Yes, there is a story, three plots in fact; but the joy is in the trivia — the distractions that bring life to the village council meetings, and the classic cosy interludes where the gormless Alice, played to perfection by Olivia White, fails with her intransigent logic to get the jokes told by the vicar. Quannah Nickerson provides an admirable imitation of Dawn French, hovering between subtle reactions and outright crassness. Her dancing pumpkin is a visual highlight. 

Hugo McGuiness makes a most credible uptight, sly landowner, acting with some fine subtlety as possibly the most normal character around. His romantic transformation when besotted with the vicar is wonderfully executed. His son Hugo is played by Sabian Coomber-Nickerson, a thick and upright character, consistently maintained. 

Treva Rice is again excellent as the stammering, revoltingly lovable Jim; as is Dave Newsham, a fascinatingly boring Frank.  Angela Stuart brings appropriate dowdiness and a range of inedible baking products — along with a sweet singing voice — to the role of the once-dead Mrs Cropley, conveniently resurrected for the stage show. 

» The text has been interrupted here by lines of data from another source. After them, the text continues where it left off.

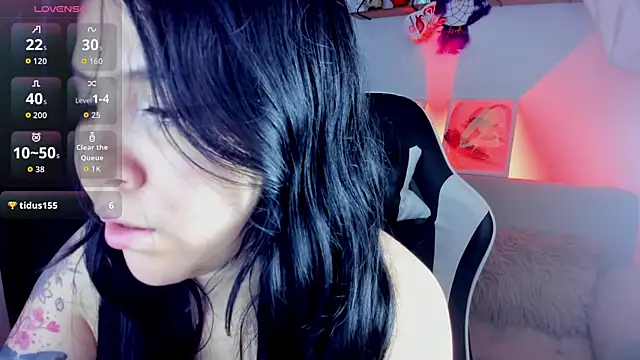 Snapshot of AilynRed chatting on 05/17/26, 11:12 AilynRed online show from 05/17/26, 11:12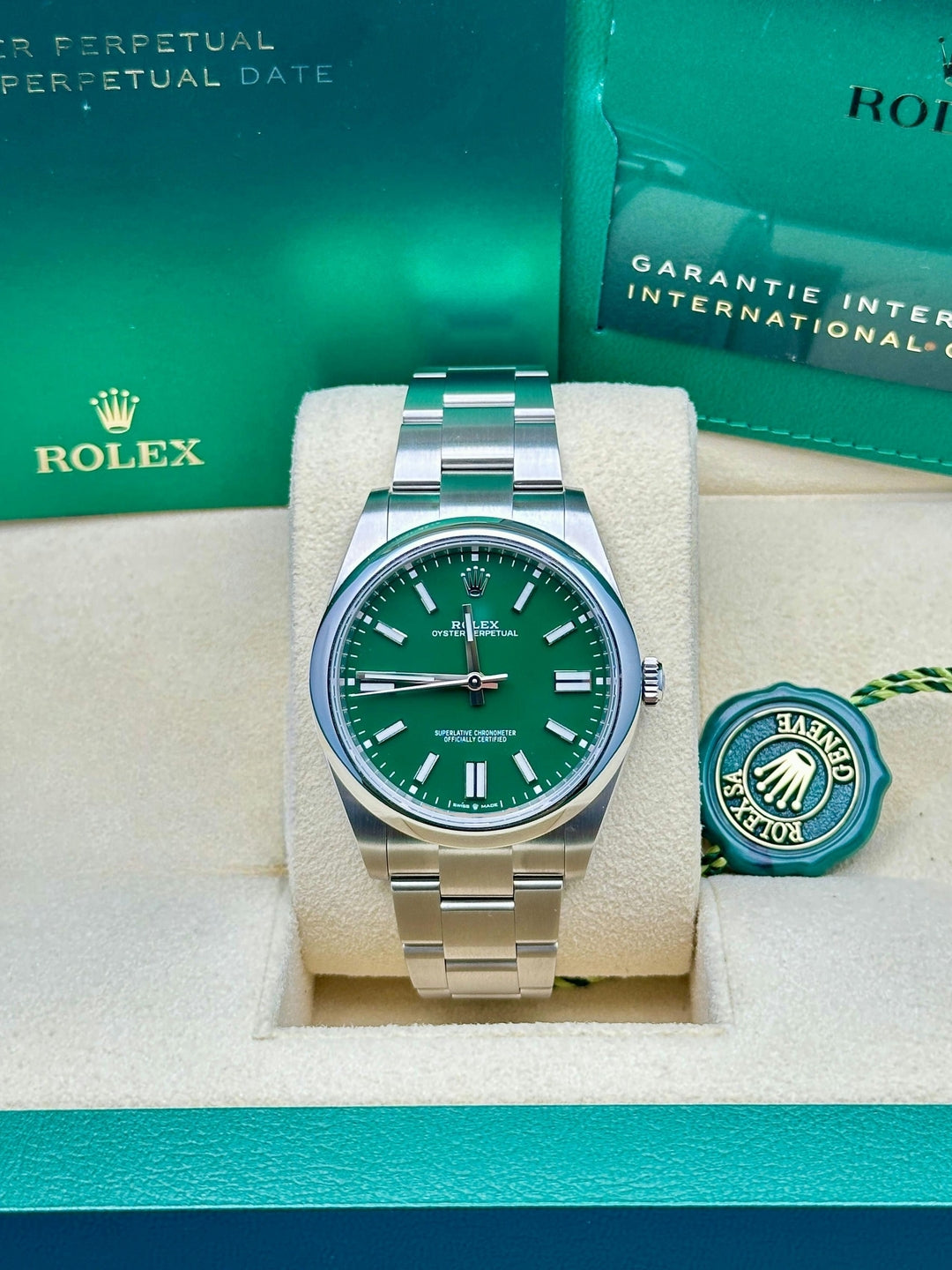 Rolex Oyster Perpetual 41 124300, 2024, green dial, Oyster bracelet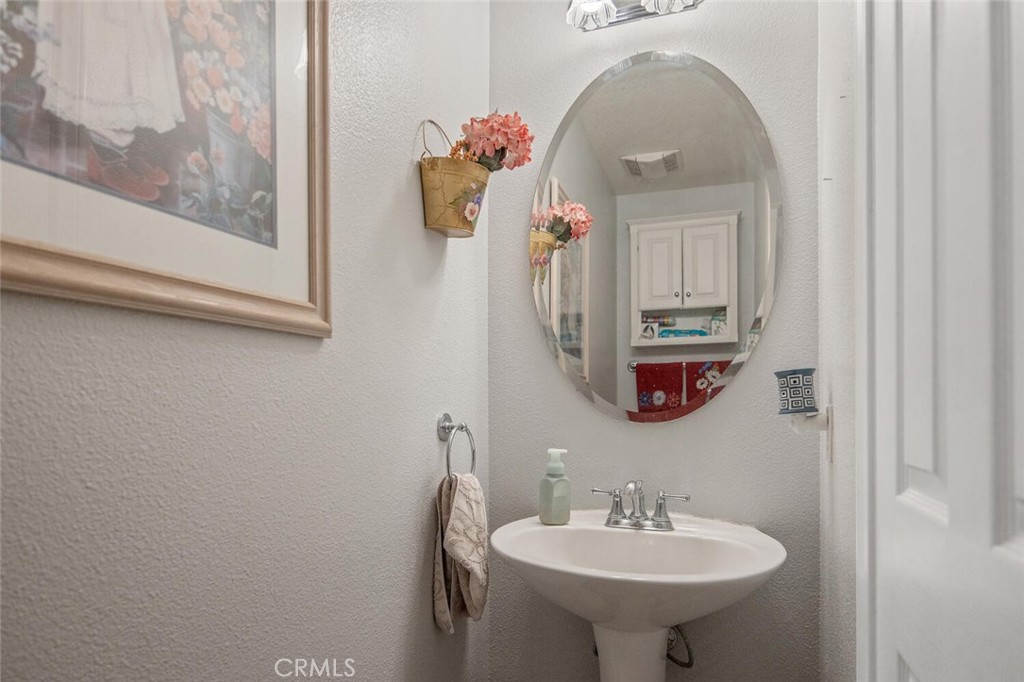 https://media.crmls.org/medias/296fb828-1f01-4198-900e-cf581951ff59.jpg?preset=X-Large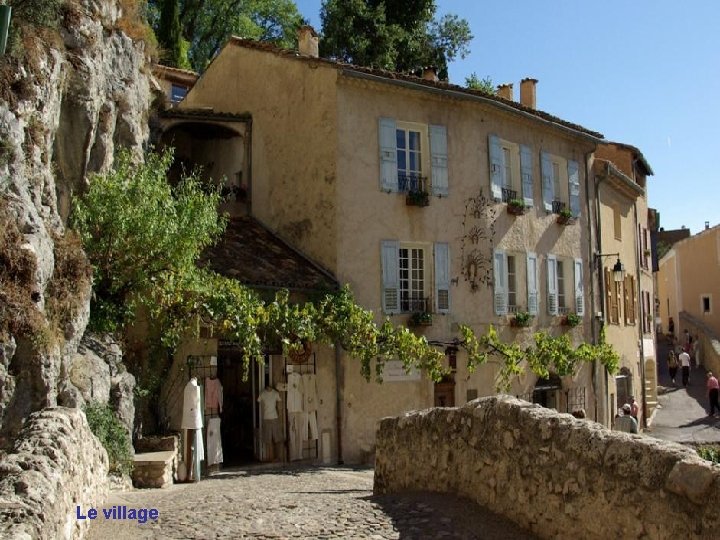 Le village 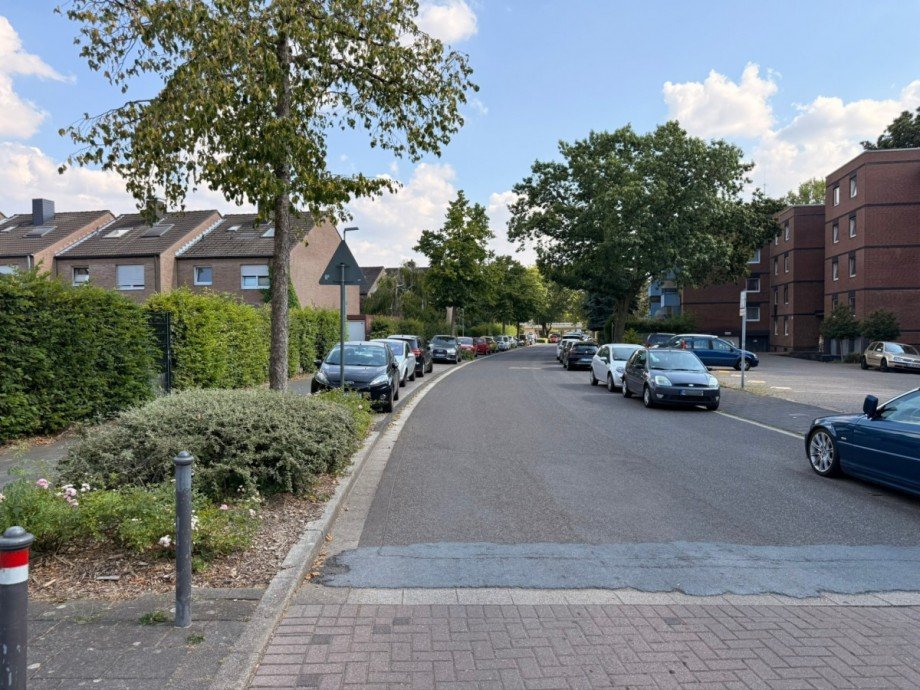 Umgebung Erdgeschosswohnung Neuss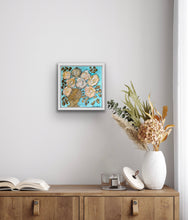 Load image into Gallery viewer, The Gold Vase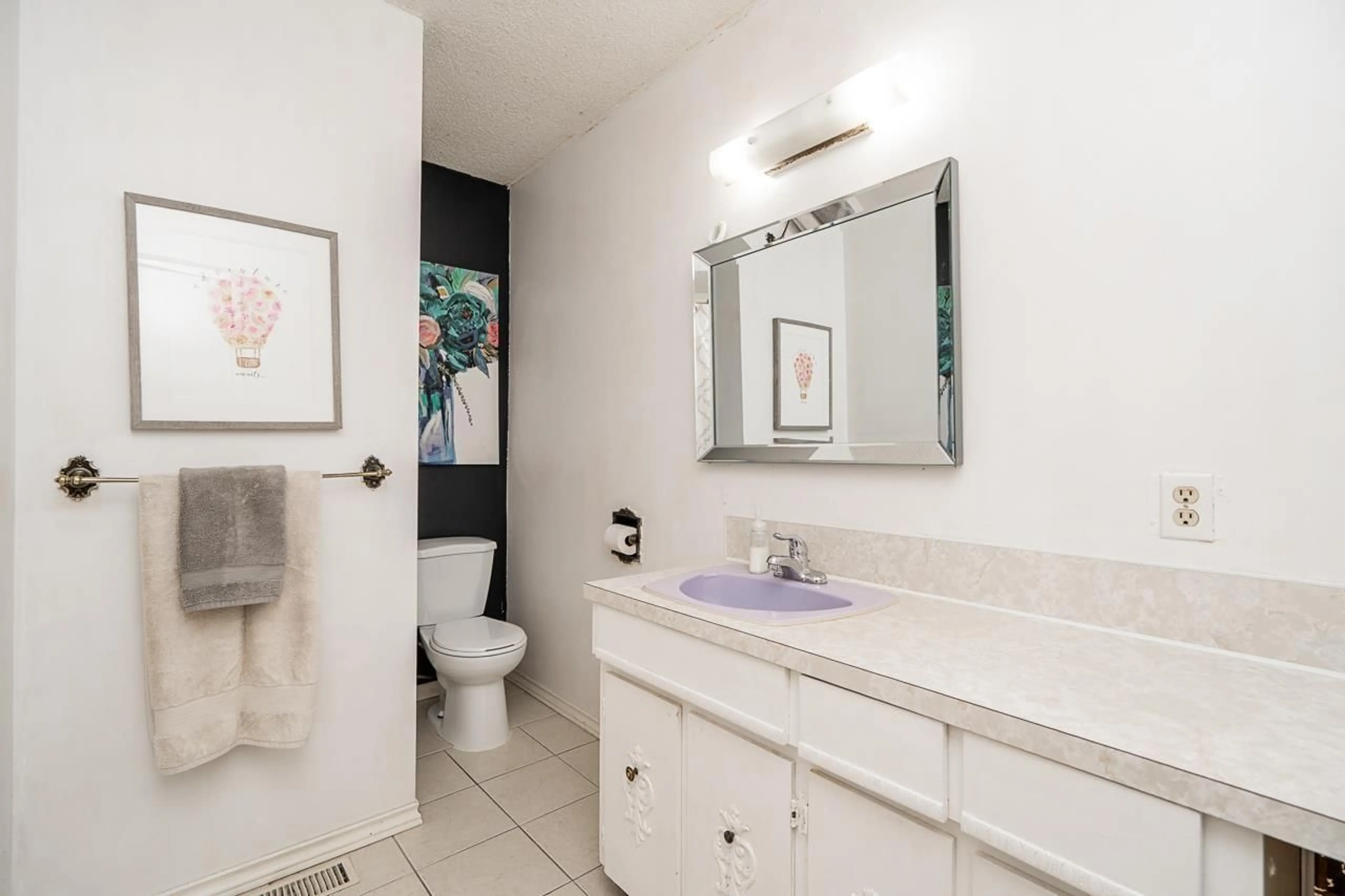 Standard bathroom, ceramic/tile floor for 7072 BREWSTER DRIVE EAST, Delta British Columbia V4E1V6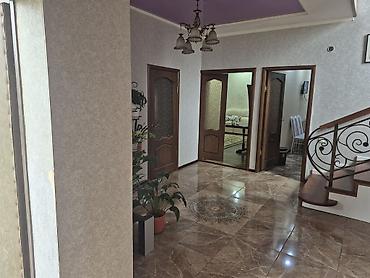 Продажа коттеджей и домов: 4 комнаты, 240 м², 5 соток, Бишкек, Алтын-ордо ж/м Собственник — 3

Owen, the revoltingly unlovable farmer, is again superbly realised by Ben Chisholm’s voice and posture. And he throws a mean punch, the best moment of stage violence I’ve seen locally in a long time. 

The extras in this production are real finds: Kelly Griffiths,  convincing as a reporter and a social worker, and Mikey Jones as the bishop with the frightening vocal tic, and a smooth representative of the Water Board with an authentic Northern accent. 

Jill White as director has managed a smooth-running production, with musical invention covering the multiple scene changes, helped by unobtrusive lighting, stage management and well-timed sound effects. 

The audience of 30 to 40-odd people — though nowhere near as odd as the ones onstage — made up a surprisingly well-filled house  and were rapturous in response.